Summer only had two hobbies outside of school: making Sir Lumpy go batshit crazy with the laser pointer, and rolling around in the dirt as a wolf. There was no way he could find her kitty antics interesting, which only left one option. And he couldn’t possibly know about that.

“I need to check on my midterm,” she said. “It’s compiling.”

She expected him to try to stop her. Instead, he slid a pair of large sunglasses over his striking eyes and followed. “I’ll be interested to see the project you’re working on,” Nash said, pacing her down the stairs to the foyer. She walked faster, but he kept up with her effortlessly.
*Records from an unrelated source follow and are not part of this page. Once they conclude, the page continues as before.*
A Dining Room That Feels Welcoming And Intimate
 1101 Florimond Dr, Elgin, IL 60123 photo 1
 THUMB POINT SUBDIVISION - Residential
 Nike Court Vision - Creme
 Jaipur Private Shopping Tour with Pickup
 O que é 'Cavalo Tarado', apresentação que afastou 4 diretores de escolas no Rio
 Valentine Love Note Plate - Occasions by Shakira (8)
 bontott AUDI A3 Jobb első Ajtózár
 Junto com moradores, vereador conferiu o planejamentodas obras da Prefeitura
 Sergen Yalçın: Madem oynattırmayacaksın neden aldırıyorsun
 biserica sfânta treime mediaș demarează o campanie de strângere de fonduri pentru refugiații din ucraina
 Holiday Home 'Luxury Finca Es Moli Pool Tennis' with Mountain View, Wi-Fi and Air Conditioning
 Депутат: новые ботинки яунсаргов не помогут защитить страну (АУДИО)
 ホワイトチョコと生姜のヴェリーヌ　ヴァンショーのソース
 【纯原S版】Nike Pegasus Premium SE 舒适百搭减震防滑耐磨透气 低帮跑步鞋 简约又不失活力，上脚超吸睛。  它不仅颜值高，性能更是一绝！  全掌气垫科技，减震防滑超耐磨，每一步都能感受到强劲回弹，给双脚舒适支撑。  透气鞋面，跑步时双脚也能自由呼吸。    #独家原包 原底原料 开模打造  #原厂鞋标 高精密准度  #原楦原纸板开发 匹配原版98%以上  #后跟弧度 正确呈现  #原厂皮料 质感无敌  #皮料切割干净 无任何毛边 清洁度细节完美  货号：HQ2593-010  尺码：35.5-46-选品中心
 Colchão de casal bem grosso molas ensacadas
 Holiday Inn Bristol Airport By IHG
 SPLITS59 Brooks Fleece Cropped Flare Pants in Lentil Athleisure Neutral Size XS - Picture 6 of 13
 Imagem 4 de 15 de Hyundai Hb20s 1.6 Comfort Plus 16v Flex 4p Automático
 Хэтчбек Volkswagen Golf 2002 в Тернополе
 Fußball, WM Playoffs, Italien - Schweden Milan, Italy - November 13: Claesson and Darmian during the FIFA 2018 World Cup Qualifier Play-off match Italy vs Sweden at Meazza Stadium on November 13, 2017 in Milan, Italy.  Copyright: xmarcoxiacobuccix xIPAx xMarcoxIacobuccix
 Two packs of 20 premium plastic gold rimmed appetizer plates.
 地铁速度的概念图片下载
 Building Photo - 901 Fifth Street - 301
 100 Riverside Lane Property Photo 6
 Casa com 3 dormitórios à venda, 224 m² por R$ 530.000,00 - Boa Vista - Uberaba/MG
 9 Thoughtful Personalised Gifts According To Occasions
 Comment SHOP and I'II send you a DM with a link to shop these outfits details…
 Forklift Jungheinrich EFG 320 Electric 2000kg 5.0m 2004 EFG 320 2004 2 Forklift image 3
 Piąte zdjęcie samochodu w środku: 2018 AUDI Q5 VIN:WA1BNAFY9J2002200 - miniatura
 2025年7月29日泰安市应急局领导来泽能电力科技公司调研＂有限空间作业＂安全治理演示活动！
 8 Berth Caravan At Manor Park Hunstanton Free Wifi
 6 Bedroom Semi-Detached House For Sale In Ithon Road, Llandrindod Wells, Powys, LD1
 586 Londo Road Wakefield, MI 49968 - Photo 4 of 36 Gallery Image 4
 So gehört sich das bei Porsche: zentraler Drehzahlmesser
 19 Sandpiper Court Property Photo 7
“Interested? You’re kidding me,” she said. “Why are you being so pushy about this? Just about any other student at the university would be happy to take the job.”

“You have unique skills that I require.”

“Like what? You don’t even know me. The only skill you know that I have is a penchant for public displays of nudity.”

“It’s a useful skill in the public sector,” Nash said, totally straight-faced. Was he…joking? Did he actually have a sense of humor? “No, Summer, I’m familiar with your studies, and you’re the one I require. I need your unique abilities with…programming.”

Summer was a pretty solid B-grade student. She wasn’t buying it. “Where’s your entourage, anyway?”

“They have weekends off. All of my employees receive excellent benefit packages—including the interns.”

“That’s nice. I’m sure whoever you hire as an intern will be really happy to hear that,” Summer said, throwing open the back doors and stalking across the hill toward the data center. The rain had stopped, but the grass was still slick under her sandals.

“When you failed to arrive on time this morning, I came here immediately to arrange a transfer of funds. I donated three million dollars to break ground on the new computer sciences building an hour ago.”

She stopped walking. All of her good humor had suddenly gone missing in action.

“I don’t want a new building and I don’t want the job. You just—you don’t even have a f*cking clue, do you? This is some weirdo come-on. I don’t know why you got it in your head that you need me, but you can’t buy me. Go bribe some other college student.”

He hooked a hand in his pocket, leaned his weight on one leg, and lifted his chin. It pulled his slacks tight against his hips, and that cocky look was simultaneously frustrating and arousing. “I don’t want just any college student to work for me. I want you to work for me.” Summer almost laughed again, until she saw how serious he looked. He slid his sunglasses down his nose and fixed her with the heat of his gaze. “I need you, Summer.”

It felt like the entire campus was spinning around her. That smoky voice, the heated gaze—it was hard to remember why she should find the whole situation weird and kind of insulting.

But was that a hint of vulnerability in his voice when he said that he needed her?

The maid, Margaret, had said that Nash had no family. His house smelled like he never had company beyond his staff. He had been distant from his own cocktail party, alone with his thoughts and an endless night.

Maybe Nash Adamson did need Summer, although not in the way that he thought.

“So this isn’t a come-on,” she said once she remembered how to talk. “You want a programmer. And this is just an internship—not a job—for the rest of the spring term.”

“That’s right,” he said, looking satisfied that she was finally catching on.

That’s bullshit.



Call it paranoia, but Summer wasn’t buying what he was selling. He had already invested in her—not just the creepy wardrobe of dresses, but by building an entire new building. He wanted her, and he wanted her bad. There was no way it could ever be “just an internship.”

But maybe when a man had spent his entire life alone, that was the only way he knew how to reach out for help.

She blew a stray curl out of her face. “Okay. I can be your programmer, but only for the semester, and with one condition.”

“Anything,” he said. It sounded like an invitation.

Summer grinned, knowing how disarming her smile could be. One corner of her lips lifted higher than the other, as if her mouth had been placed crookedly on her face, and it made her look less like a pretty college girl and more like an imp. “You have to buy me a coffee, first.”